Alectinib Versus Crizotinib in Treatment-Naive Advanced ALK-Positive Non-Small Cell Lung Cancer (NSCLC): Primary Results of the Global Phase III ALEX Study

Comment: Daily crizotinib has been the standard of care for advanced, ALK-gene-fusion-positive non-small cell lung cancer (ALK+ NSCLC) since its approval in 2011, with the second-generation ALK inhibitor alectinib approved for patients who develop resistance to crizotinib.
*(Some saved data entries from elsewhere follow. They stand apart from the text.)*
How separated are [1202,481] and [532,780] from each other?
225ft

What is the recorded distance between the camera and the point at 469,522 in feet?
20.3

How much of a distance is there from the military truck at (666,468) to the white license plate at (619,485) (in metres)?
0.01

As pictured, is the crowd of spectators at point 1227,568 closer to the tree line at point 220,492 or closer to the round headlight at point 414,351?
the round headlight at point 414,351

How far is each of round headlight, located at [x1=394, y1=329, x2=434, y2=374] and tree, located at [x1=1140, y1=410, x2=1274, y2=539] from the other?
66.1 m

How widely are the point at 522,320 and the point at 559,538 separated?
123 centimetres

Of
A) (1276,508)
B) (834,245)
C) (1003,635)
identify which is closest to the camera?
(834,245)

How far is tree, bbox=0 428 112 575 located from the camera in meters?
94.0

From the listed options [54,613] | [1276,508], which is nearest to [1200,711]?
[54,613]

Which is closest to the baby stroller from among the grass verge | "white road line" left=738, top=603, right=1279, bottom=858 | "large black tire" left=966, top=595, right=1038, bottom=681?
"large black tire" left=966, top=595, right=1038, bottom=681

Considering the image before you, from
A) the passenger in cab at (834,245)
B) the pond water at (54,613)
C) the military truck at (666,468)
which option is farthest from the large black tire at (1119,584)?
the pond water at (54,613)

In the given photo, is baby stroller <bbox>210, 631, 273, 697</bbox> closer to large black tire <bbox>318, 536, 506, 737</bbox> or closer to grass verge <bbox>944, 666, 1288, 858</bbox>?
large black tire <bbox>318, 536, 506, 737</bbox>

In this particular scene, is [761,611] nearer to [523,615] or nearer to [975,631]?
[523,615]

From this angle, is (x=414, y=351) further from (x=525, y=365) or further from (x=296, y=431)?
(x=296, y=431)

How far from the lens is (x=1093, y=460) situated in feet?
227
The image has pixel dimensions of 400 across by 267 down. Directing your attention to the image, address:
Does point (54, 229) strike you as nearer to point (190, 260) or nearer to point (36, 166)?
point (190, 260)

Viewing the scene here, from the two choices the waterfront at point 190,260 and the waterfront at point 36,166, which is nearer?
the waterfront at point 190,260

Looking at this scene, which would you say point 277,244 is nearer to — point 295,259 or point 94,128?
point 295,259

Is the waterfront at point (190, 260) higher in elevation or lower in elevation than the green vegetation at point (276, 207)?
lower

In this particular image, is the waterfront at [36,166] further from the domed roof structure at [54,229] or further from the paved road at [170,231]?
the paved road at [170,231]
In this randomized phase III trial in first-line treatment of ALK+ NSCLC, alectinib showed superiority over crizotinib, with a progression-free survival (PFS) hazard ratio of 0.47 (median PFS 25 months versus 10 months for crizotinib), with increased control of brain metastases and significantly less toxicity. Alectinib should now be considered the new standard of care for first-line ALK+ NSCLC.

Abstract No. LBA5003

Adding Abiraterone for Men with High-Risk Prostate Cancer (PCa) Starting Long-Term Androgen Deprivation Therapy (ADT): Survival Results From STAMPEDE (NCT00268476)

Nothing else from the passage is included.